I've recently come to the realization that I've been mentally putting my wishes to become a published writer on the back burner because, since I was a kid, life has pounded the notion into my head that my writing is some kind of guilty indulgence or escape from responsibility. Being adult means accepting some soulless 9-5 fate and stoically enduring a lifetime of back pain, with nothing to show for it in the end but a long list of things I never got around to, and more back pain. Somehow, having bills means you should be punished or something–grounded. Some kind of weird blue-collar pride in how anchored you are in harsh reality.
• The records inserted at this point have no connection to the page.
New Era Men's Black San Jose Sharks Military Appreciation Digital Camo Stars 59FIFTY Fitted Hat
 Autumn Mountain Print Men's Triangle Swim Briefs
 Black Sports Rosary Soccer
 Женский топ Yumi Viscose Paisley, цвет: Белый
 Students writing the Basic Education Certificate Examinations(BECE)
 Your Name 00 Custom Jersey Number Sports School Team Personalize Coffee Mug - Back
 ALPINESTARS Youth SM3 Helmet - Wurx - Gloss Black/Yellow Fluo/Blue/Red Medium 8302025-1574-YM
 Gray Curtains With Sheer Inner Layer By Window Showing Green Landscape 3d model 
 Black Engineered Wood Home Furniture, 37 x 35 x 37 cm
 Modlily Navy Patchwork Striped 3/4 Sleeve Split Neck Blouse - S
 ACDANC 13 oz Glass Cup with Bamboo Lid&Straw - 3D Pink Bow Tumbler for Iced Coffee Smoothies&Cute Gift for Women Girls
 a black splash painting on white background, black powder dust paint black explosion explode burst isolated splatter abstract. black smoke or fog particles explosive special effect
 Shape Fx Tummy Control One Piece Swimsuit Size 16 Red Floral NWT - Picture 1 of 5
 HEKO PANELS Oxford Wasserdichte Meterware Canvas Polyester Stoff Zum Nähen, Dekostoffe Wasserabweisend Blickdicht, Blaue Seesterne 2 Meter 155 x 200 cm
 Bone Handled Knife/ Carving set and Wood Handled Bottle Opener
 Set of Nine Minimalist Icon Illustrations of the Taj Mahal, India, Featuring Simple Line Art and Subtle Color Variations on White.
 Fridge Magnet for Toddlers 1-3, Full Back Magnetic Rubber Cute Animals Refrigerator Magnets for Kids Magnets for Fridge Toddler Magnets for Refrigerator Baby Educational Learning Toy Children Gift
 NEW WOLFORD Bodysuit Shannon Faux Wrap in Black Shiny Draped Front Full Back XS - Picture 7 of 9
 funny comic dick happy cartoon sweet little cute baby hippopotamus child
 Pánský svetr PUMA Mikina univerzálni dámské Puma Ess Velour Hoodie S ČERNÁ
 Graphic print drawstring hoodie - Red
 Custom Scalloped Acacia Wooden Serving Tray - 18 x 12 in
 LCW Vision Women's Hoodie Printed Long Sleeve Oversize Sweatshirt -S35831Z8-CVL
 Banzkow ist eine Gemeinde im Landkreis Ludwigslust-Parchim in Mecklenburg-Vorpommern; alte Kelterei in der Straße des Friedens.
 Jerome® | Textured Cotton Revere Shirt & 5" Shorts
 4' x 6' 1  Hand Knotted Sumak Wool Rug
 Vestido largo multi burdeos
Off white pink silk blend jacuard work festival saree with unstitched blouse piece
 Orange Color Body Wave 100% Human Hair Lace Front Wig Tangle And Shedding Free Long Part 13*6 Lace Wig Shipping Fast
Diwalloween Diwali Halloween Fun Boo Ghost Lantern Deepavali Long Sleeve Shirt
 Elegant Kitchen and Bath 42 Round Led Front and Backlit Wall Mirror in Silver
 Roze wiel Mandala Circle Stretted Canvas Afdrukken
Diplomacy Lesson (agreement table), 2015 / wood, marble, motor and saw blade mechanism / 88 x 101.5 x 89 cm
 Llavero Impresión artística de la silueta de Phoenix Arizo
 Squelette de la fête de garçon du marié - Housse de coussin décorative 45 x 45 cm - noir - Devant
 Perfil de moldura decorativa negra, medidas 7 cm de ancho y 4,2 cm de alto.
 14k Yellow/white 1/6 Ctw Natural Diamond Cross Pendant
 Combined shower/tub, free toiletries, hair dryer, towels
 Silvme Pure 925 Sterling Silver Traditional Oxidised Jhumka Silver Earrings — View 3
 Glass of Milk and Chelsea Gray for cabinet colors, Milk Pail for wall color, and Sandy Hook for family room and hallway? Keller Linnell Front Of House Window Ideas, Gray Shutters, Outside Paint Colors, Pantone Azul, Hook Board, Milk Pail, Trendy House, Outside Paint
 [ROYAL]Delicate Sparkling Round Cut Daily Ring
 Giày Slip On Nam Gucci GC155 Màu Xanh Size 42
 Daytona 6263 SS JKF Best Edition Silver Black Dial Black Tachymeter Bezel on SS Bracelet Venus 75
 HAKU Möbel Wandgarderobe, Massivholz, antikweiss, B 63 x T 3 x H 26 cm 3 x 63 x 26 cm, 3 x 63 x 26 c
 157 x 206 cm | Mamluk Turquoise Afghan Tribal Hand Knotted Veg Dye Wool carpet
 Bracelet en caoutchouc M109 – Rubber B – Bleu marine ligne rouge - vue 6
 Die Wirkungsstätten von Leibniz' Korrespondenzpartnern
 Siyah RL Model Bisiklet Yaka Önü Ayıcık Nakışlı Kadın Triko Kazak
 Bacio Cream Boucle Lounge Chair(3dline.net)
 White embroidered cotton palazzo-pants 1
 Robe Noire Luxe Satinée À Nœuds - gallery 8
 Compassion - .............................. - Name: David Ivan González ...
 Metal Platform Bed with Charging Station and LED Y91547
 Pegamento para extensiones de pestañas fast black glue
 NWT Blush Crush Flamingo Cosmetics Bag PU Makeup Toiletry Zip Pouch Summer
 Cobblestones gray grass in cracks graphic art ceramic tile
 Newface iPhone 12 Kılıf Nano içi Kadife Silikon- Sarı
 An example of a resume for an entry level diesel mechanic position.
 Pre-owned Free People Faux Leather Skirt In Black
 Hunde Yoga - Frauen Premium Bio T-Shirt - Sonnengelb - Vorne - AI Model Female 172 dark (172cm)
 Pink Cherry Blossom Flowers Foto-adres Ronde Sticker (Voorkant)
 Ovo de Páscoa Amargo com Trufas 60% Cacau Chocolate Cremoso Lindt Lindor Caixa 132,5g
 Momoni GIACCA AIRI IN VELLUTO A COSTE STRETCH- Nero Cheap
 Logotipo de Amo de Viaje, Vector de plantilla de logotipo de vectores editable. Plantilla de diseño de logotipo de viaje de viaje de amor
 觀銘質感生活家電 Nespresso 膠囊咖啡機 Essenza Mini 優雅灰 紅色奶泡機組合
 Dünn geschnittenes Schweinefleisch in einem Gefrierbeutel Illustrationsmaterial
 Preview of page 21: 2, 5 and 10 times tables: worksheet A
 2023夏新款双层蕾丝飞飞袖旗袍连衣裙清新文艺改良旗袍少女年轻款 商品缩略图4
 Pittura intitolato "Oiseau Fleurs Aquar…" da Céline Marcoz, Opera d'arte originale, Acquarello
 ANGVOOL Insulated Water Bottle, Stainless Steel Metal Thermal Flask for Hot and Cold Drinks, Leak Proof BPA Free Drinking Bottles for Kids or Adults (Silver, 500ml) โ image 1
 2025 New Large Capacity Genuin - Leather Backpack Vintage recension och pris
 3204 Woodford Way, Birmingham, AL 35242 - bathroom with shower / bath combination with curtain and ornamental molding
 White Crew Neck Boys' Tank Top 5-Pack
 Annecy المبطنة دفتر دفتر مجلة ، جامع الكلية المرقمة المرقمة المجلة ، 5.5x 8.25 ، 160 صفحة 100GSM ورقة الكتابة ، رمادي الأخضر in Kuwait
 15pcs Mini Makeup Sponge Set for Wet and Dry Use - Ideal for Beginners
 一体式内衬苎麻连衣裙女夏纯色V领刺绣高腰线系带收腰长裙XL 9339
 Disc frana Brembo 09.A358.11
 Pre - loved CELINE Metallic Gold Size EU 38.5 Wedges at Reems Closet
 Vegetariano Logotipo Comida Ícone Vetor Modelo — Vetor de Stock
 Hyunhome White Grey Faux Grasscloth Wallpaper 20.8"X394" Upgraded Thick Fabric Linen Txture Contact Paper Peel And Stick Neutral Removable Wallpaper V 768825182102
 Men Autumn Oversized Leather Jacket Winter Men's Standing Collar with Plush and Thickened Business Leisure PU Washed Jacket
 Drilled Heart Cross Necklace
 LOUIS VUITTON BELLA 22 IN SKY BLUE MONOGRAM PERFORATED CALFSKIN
Striving for something a little wilder is merely prolonging the inevitable cold plunge into *REALITY*. –Please see the handbook entitled "So You're Nobody Special Either" for tips on how to keep your chin up when it doesn't work out.

It's caused me to become overly hesitant in accepting my own kick-assness and truly opening myself to the mindset that this is actually a valid career aspiration rather than a pipe dream that everyone with "valid" job skills seems to think they're humoring me over.

Last night John told me I had a gift that I wasn't utilizing to it's full degree. Every time he makes reference to my "gift" I roll my eyes and point out that my writing is not good enough to be called a gift. I'm not writing high literature. I'm writing quirky, brain-candy–and anyway, I've read way better stuff than I can write.

"Are you kidding? You've got the ability to create worlds. That's a gift. You just need to totally immerse yourself in your writing for once."

I suddenly knew EXACTLY why I've been so hesitant about just diving in and making this thing happen and I'm so pissed–I can't even decide which one of us I'm more pissed at. I guess myself, since I'm the one still around to do something about it. So here I go. No more dragging my feet. This is my job and its time to start getting paid.